Puerto Rico Country Profile
Puerto Rico was originally claimed by the Spanish in 1493 following years of inhabitation by aboriginal peoples. After nearly 400 years of colonial rule, Puerto Rico was relinquished to the United States following the Spanish-American War. In 1917, Puerto Ricans were granted citizenship to the United States. In 1952, a constitution was enacted providing for internal self-government; however, a 2012 vote left open the possibility of American statehood.
Puerto Rico consists primarily of mountainous terrain with sandy beaches along most coastal areas. Weather is temperate year round with little seasonal variation.
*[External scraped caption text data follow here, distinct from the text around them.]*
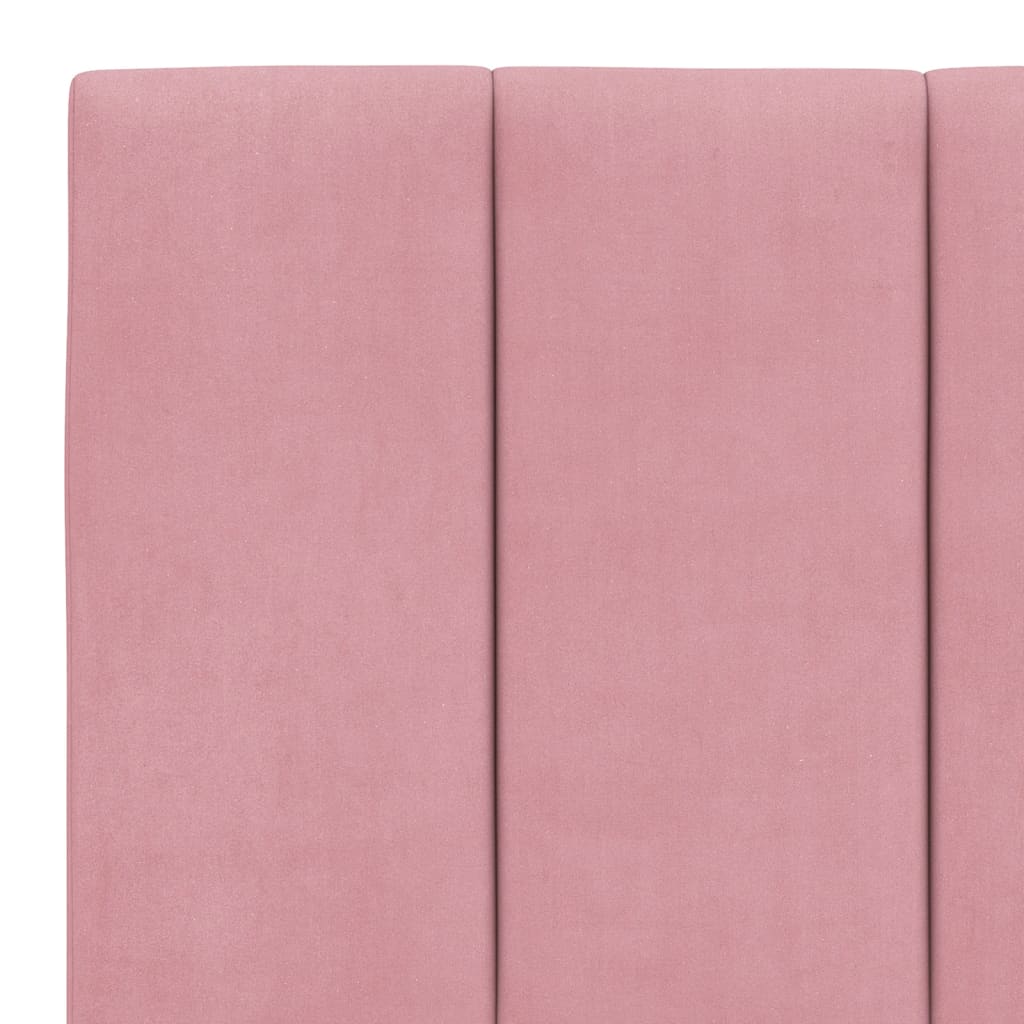 Almofadão de cabeceira Hanko 160 cm veludo rosa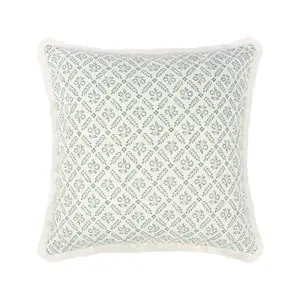 Melange Fringe Pillow
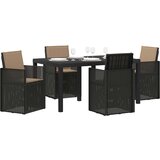  Vrtni set za objed s jastukom 5 pcs Antracit i sivosmeđa PP | shoptok.hr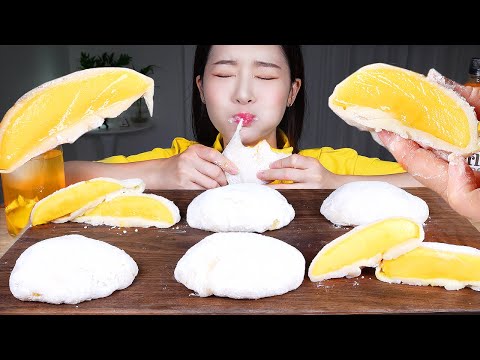 Видео: ASMR MUKBANG | CHEWY MANGO MOCHI (ЛИПЫЙ РИСОВЫЙ ТОРТ С МАНГО) 💛 ДОБАВЛЕНО ЦЕЛЬНОЕ МАНГО! ДЕСЕРТ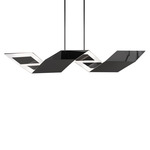 Lyris Color-Select Linear Pendant - Polished Black Nickel / Frosted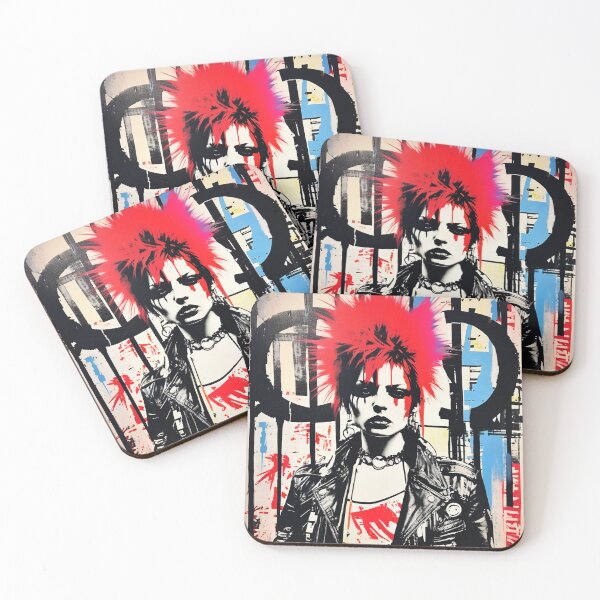 Item preview, vintage punk collage illustration 77s   designed and sold by AiPoliviosArt.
Puerto Rico sits along the Mona Passage, a primary shipping lane which leads to the Panama Canal and San Juan, the capital, is one of the largest natural harbors in the Caribbean.
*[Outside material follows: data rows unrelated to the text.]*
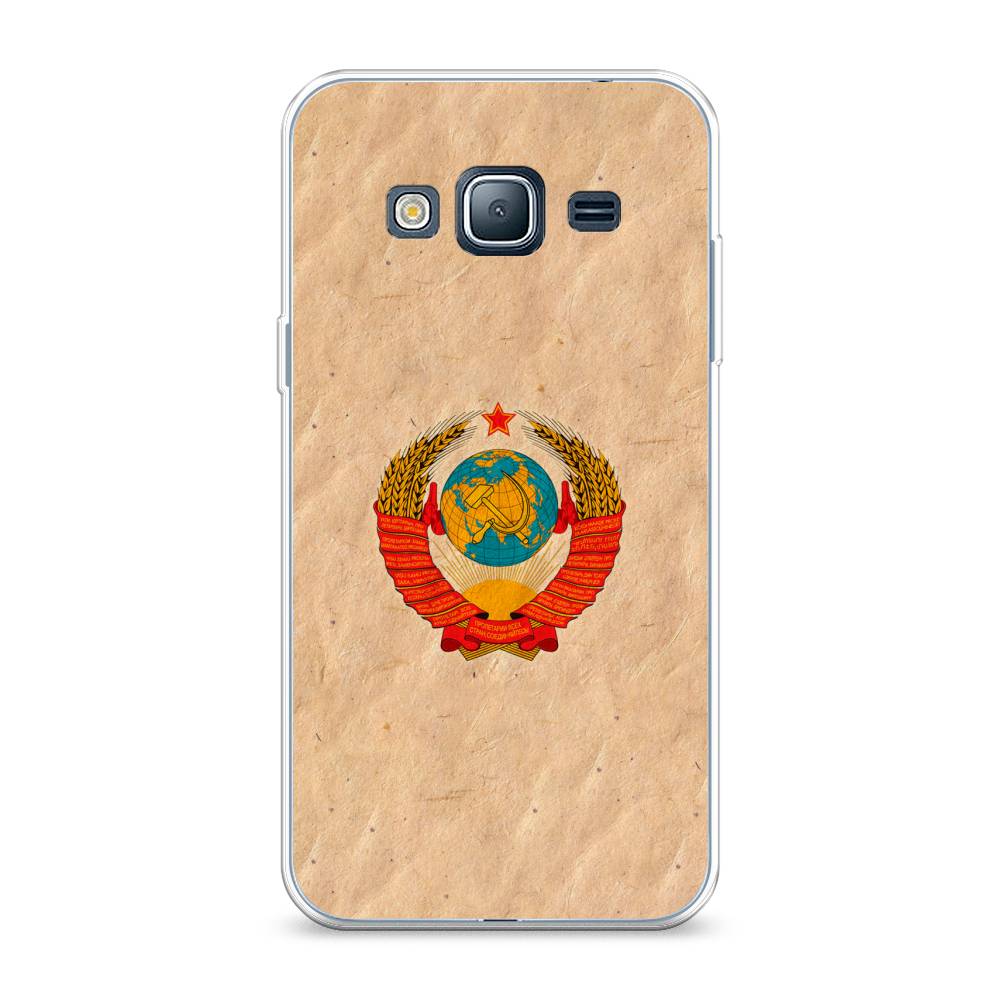 

Чехол Awog на Samsung Galaxy J3 2016 / Самсунг J3 2016 "Союз пролетариев", Бежевый;красный, 22450-10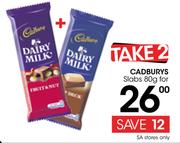 Take 2 Cadburys Slabs 80g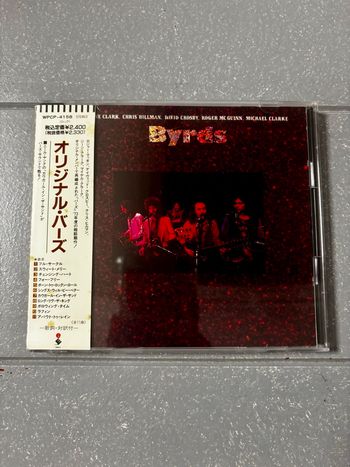 Cd Byrds édition japonaise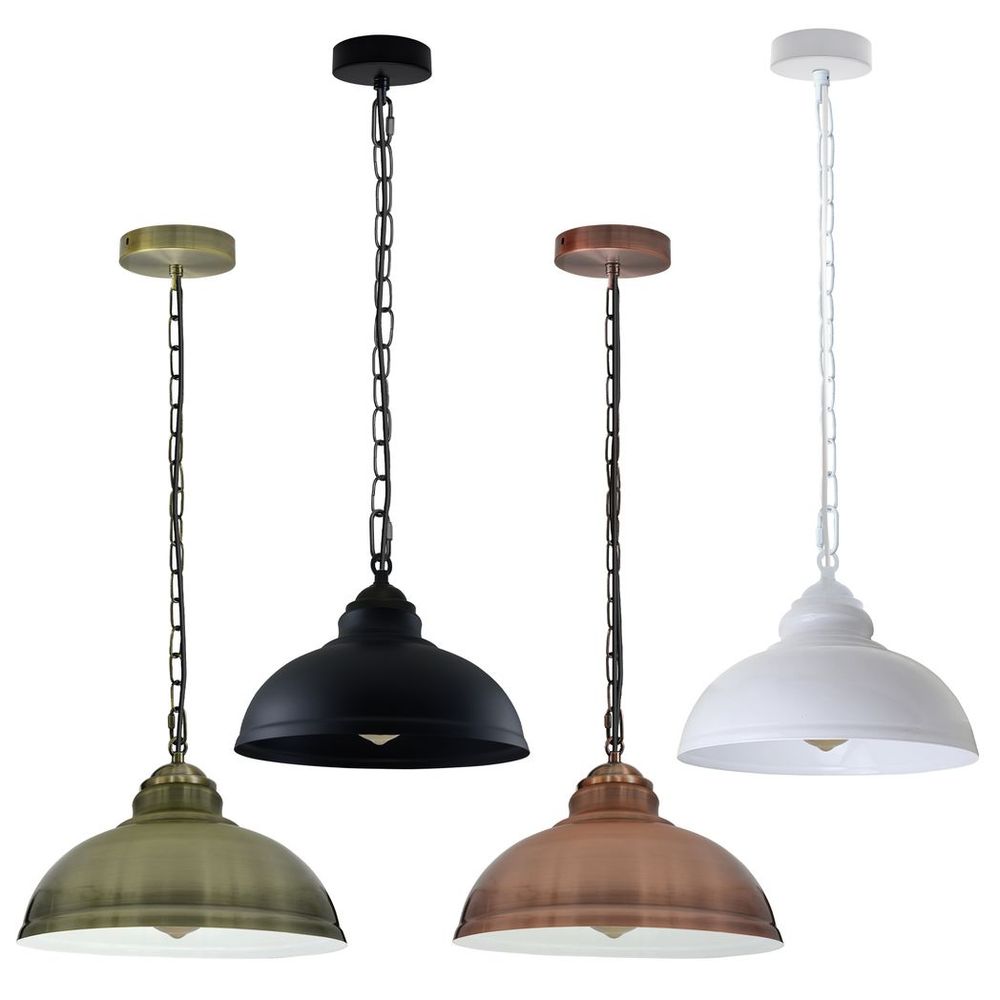 Vintage Industrial E27 Ceiling Light Cage Shade Loft Style Pendant Lamp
Puerto Rico has one of the most dynamic economies in the Caribbean region and is working aggressively to close the budget deficit and restore economic growth. The industrial sector has surpassed agriculture as the primary focus of economic activity. Natural resources consist primarily of copper and nickel while dairy and livestock products have overtaken sugar production as the primary source of agriculture income. Tourism continues to be an important source of income along with pharmaceuticals, electronics and apparel.
Puerto Rico is a territory of the US with commonwealth status and policy relations between Puerto Rico and the US is conducted under the Office of the President. The Civil law system is based on the Spanish civil code and within the structure of the United States Federal System. Puerto Rico celebrates both the United States Independence Day, July 4th and Puerto Rico Constitution Day on July 25th.